Weary of waiting for outside help, the Bosnian government scored a major combat victory Friday and revealed details of its first direct diplomatic contact with Serbia's president, a longtime enemy.
Bosnia seemed to be trying to demonstrate with military and diplomatic initiatives that it is capable of controlling its own destiny after nearly three years of devastating warfare.The battlefield breakthrough came on sprawling Mount Vlasic, just north of Travnik in central Bosnia, where army sources said government troops seized control of a strategic communications tower from rebel Bosnian Serbs.
Bosnian Serb military sources conceded the situation in the area was "critical" but did not confirm the loss of the tower, a vital military communications link between Serb territories in western and southern Bosnia.

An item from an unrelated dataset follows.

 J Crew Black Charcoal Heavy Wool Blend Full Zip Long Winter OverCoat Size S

Government forces closed in on another communications tower in the Majevica mountains near the government stronghold of Tuzla in northeast Bosnia.

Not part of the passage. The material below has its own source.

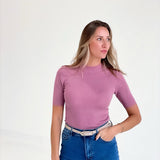 Sessums Mockneck Top - Mauve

Bosnian Serb military sources said their forces were on the counterattack and no longer encircled. But U.N. military spokesmen indicated the Serb position was tenuous at best.

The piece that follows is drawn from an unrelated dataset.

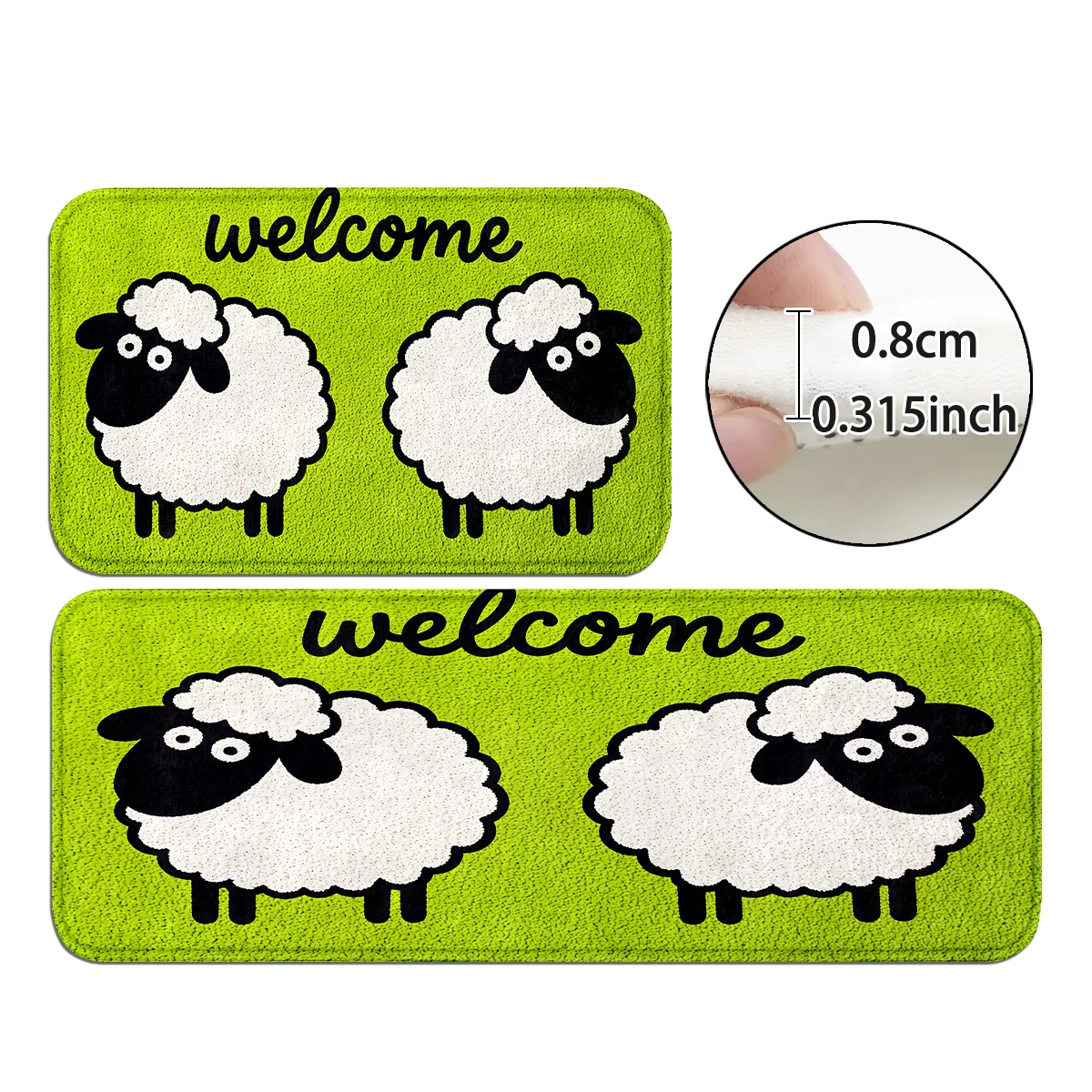 Cute Cartoon Print Mat, Minimalist Door Mat, Farm Animal Rug, Lamb Welcome Text Green Blue Decor Set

The Bosnian Serb leader, Radovan Karadzic, toured the Majevica battlefront Friday and said his forces would not agree to extend a tattered four-month cease-fire that expires May 1.
"The Serb side has a legitimate right to use all means available to counterattack," he said.
While the fighting raged, a group of Serbs loyal to the Muslim-led Bosnian government arrived in the Yugoslav capital of Belgrade to meet Serbian opposition groups.
Their trip followed a surprise meeting Tuesday in Belgrade between Serbian President Slobodan Milosevic and Bosnian diplomat Muhamed Filipovic - the first direct contact between Belgrade and Sarajevo during the war without international mediation.